The concert was interspersed with videos about Orbison’s life, although much of the personal tragedy he endured—his first wife was killed in a motorcycle accident in 1966 and three years later, while he was on tour in Britain, two of his sons died after his home in Tennessee caught on fire—was omitted.The 60s rock ‘n’ roll icon’s sorrowful twangs could only be born from the agony of human existence, and it’s not like enjoying a projection of a flattened CGI Roy Orbison, accompanied by a orchestra of actual humans—violinists and cellists and three young back-up singers; a middle-aged blonde woman stoically nailing the guitar riffs—was going to change that fact.

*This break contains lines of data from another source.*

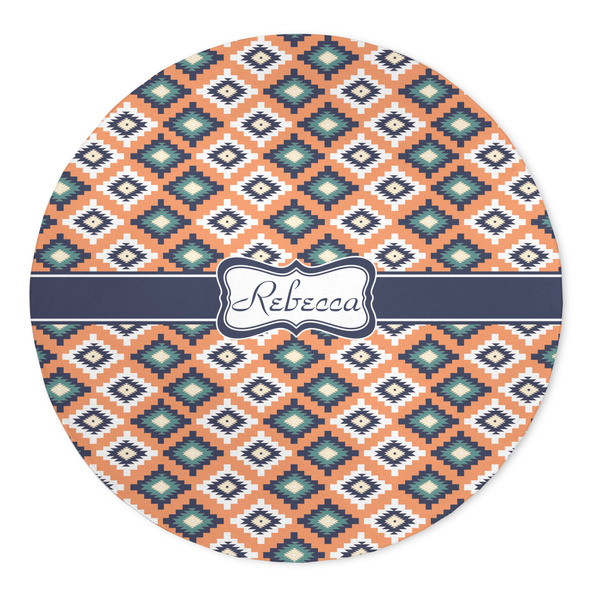 Custom Tribal 5' Round Indoor Area Rug (Personalized)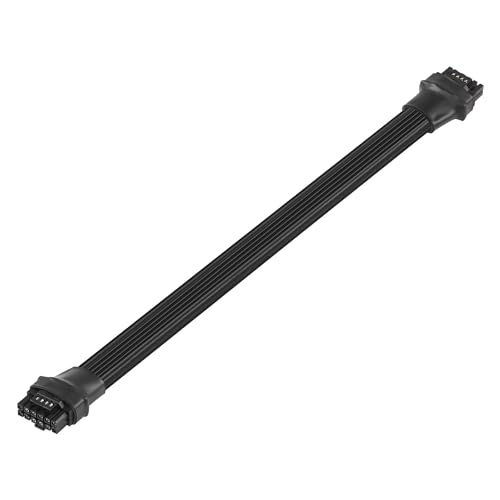CERRXIAN 1FT ATX3.0 12VHPWR Stromkabel, PCI-e 5.0 12VHPWR ATX3.0 600W 16 Pin Stecker auf Stecker Hochstrom-Stromkabel, für Grafikkarte GPU 12+4Pin Nvidia Nvidia 4000 Serie und RTX 3000 FE GPU CERRXIAN 1FT ATX3.0 12VHPWR Stromkabel, PCI-e 5.0 12VHPWR ATX3.0 600W 16 Pin Stecker auf Stecker Hochstrom-Stromkabel, für Grafikkarte GPU 12+4Pin Nvidia Nvidia 4000 Serie und RTX 3000 FE GPU von CERRXIAN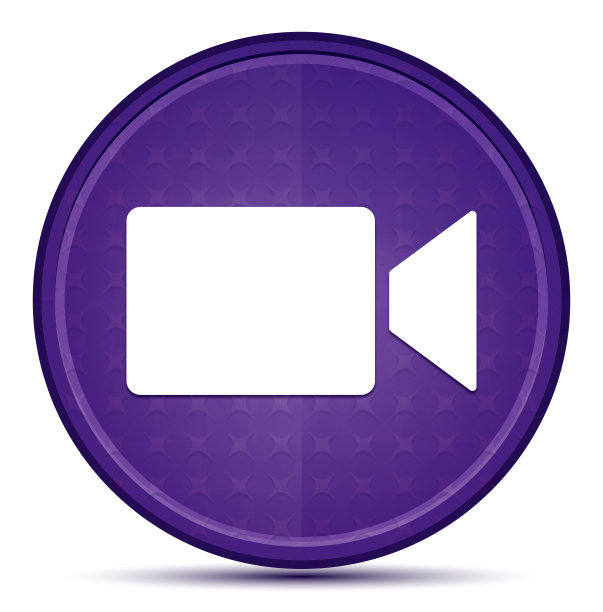 摄像头图标为紫色圆形按钮图片下载
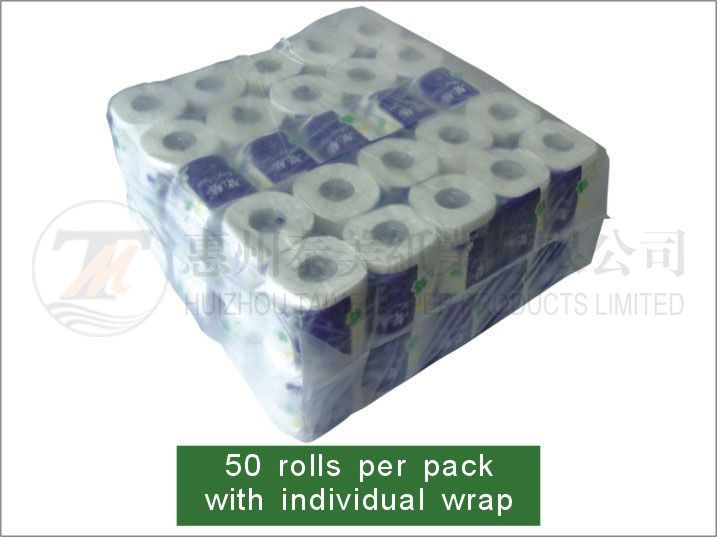 50  rolls  per  pack
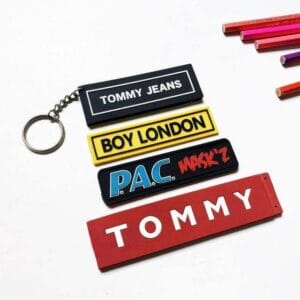 Custom Logo Embossed Silicon Soft PVC Rubber Label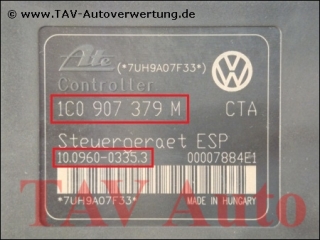 Neu! ESP Steuergeraet VW 1C0907379M Ate 10.0960-0335.3 00007884E1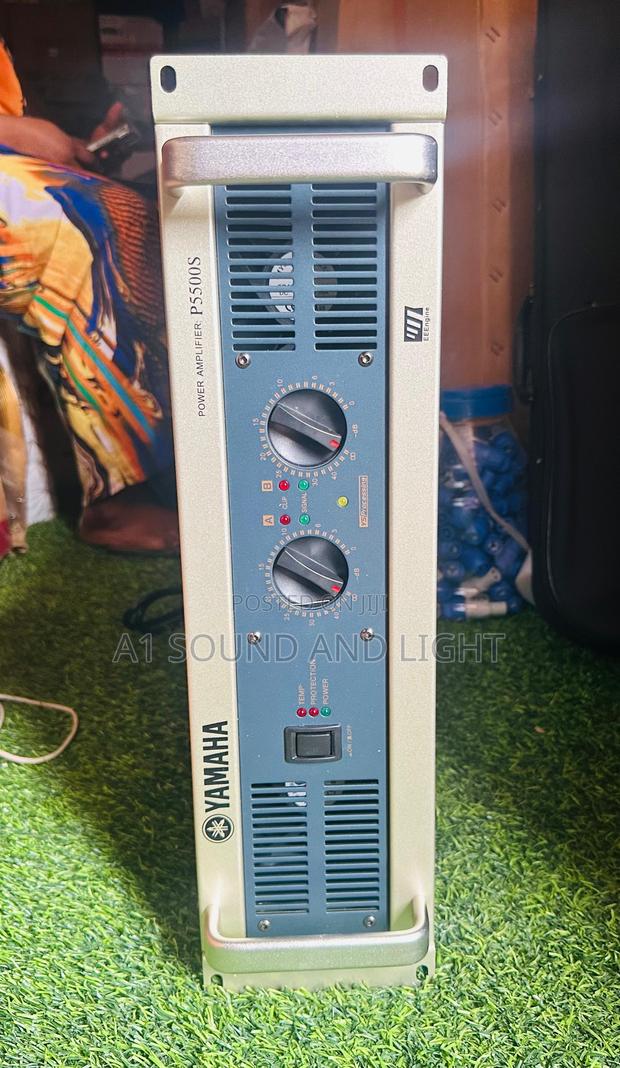 Yamaha P5500s Power Amplifier · Photo 1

If any dead musician is perfect for the hologram treatment, it might be Roy Orbison. He notoriously suffered from stage fright, and was a weird and uncomfortable performer who wore dark sunglasses, as if to shield his face from the audience. In his life, Orbison seldom spoke the audience when he wasn’t singing, so when the hologram took a stab at some light crowdwork, meekly thanking the audience for their applause after he finished a song, the clumsiness of a projection play-acting as the real thing felt fitting. It was awkward and weird and kinda beautiful, just like Roy Orbison himself.

Ultimately, there was no grand takeaway from going to a hologram concert—nothing to be gleaned about what it means to defy the natural order of life and death. Some things are just made to be enjoyed, even if, and more likely because, they are pure trash.